## WORK ORDER
Look through the records, and whenever a line includes the word "Schwarz", copy it.

START SUPPLIED INFORMATION

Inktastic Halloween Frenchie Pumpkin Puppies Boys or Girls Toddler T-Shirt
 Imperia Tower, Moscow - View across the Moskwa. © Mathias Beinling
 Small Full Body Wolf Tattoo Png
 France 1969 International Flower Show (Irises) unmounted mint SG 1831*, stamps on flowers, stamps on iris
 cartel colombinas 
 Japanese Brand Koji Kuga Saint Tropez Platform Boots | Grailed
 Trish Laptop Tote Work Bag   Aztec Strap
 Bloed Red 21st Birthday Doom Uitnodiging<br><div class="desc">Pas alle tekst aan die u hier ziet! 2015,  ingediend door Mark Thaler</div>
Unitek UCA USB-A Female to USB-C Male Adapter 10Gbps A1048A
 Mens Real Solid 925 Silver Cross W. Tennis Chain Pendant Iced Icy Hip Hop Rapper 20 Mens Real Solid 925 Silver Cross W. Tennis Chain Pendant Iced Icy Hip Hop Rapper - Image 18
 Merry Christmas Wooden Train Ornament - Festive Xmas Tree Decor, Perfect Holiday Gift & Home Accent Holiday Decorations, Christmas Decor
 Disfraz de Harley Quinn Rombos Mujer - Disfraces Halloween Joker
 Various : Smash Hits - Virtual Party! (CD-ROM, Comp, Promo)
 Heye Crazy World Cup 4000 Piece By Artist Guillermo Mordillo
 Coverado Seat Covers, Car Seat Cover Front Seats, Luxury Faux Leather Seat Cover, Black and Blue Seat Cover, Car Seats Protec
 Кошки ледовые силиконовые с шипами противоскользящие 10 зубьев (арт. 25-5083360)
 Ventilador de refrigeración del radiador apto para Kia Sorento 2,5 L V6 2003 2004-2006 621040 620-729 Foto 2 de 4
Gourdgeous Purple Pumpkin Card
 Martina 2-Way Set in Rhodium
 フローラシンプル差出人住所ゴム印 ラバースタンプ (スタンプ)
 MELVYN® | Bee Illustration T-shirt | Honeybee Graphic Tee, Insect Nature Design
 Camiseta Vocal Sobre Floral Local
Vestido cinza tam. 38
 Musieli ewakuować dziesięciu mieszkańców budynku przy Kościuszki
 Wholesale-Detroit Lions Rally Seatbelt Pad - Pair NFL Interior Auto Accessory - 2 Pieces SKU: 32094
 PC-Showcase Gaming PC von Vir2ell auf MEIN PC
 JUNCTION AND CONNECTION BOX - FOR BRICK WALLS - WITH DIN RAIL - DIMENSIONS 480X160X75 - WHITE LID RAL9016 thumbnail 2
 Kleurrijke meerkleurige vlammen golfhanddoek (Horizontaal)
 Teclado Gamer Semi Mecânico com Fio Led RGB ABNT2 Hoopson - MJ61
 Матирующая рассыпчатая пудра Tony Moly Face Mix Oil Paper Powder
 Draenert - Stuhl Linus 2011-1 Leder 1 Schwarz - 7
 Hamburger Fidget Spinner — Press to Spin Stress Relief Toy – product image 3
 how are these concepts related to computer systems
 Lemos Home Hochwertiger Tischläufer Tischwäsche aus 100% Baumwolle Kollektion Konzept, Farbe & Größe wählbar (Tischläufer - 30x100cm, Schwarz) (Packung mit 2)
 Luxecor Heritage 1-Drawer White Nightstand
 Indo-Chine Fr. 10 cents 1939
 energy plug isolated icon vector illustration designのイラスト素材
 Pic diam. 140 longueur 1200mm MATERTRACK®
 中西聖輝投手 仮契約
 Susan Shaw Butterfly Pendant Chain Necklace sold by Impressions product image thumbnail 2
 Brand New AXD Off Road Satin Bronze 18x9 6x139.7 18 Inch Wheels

END SUPPLIED INFORMATION

## RESULT
 Draenert - Stuhl Linus 2011-1 Leder 1 Schwarz - 7
 Lemos Home Hochwertiger Tischläufer Tischwäsche aus 100% Baumwolle Kollektion Konzept, Farbe & Größe wählbar (Tischläufer - 30x100cm, Schwarz) (Packung mit 2)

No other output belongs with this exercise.